C’est d’abord dans le traitement des chairs que se dit cet homme. La connaissance anatomique conduit à des représentations réalistes du corps. Les effets de modelés qui sont l’un des traits caractéristiques de l’art de la Renaissance sont rendus avec virtuosité sur l’orfroi. De fait, l’une des grandes mutations de la broderie moderne est d’avoir abandonné le remplissage uni des figures au profit de dégradés rivalisant avec la peinture. Dans les archives de la corporation de Paris, on peut ainsi lire que « désormais, on devra remplir les nus et les visages de trois ou quatre soies au moins, teintes en carnation et non de soie blanche comme auparavant. » C’est exactement ce que nous observons ici : on relève des fils allant du rose pâle au roux.

L’homme se lit aussi dans l’émotion. Affublé de la couronne d’épines, la tête du Christ retombe sur le torse. Les yeux entrouverts, les lèvres marquées par un rictus,… tout le visage exprime la souffrance ! Le sang qui s’épanche des mains est recueilli par deux anges, dont la présence souligne l’intensité dramatique de la scène.

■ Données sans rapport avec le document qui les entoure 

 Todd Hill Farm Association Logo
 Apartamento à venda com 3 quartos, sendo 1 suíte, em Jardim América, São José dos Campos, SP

Si Dieu se fait homme, les anges aussi s’humanisent. Imitation du Christ, ils deviennent un modèle pour les laïcs. Autrefois expression de la gloire céleste, ils s’associent désormais à la dimension sacrificielle de la mission christique. Le symbole a glissé de la théophanie à la manifestation de l’humanité, ou pour le dire autrement, on est passé du Dieu Sauveur glorieux au Dieu Sauveur souffrant.

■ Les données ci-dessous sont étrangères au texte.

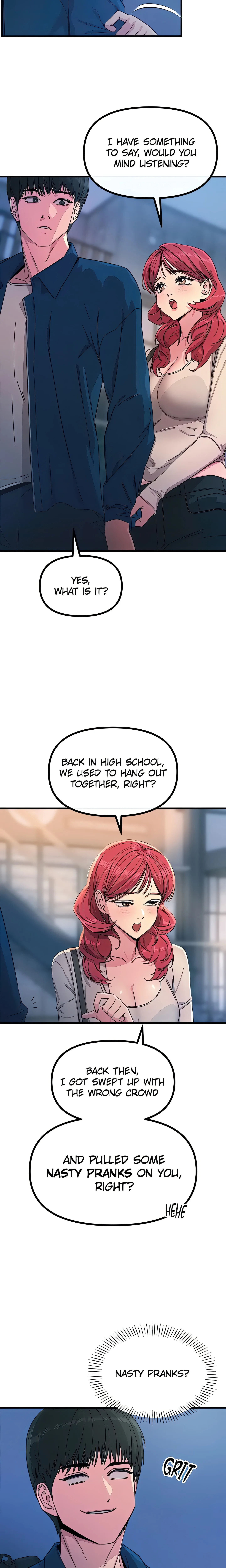 Once Was Enough (Official) chapter 13 page 13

Vêtus de robes bleues couvertes de chapes roses, nos anges semblent des laïcs et c’est tout juste si leurs ailes ne disparaissent pas tout à fait dans le fond. Ils sont pieux, en adoration de celui qui donne sa vie pour l’humanité qu’il aime.
Ainsi, la crucifixion de l’orfroi de Tavers nous montre comment la Renaissance fait passer de l’image mystère du Moyen-Âge à l’image rationalisée des Modernes. Le rêve humaniste est tout entier compris ici : atteindre par les sciences le secret de l’ordre du monde ! Mais reculer les limites du savoir ne mènera jamais à un savoir de l’Infini…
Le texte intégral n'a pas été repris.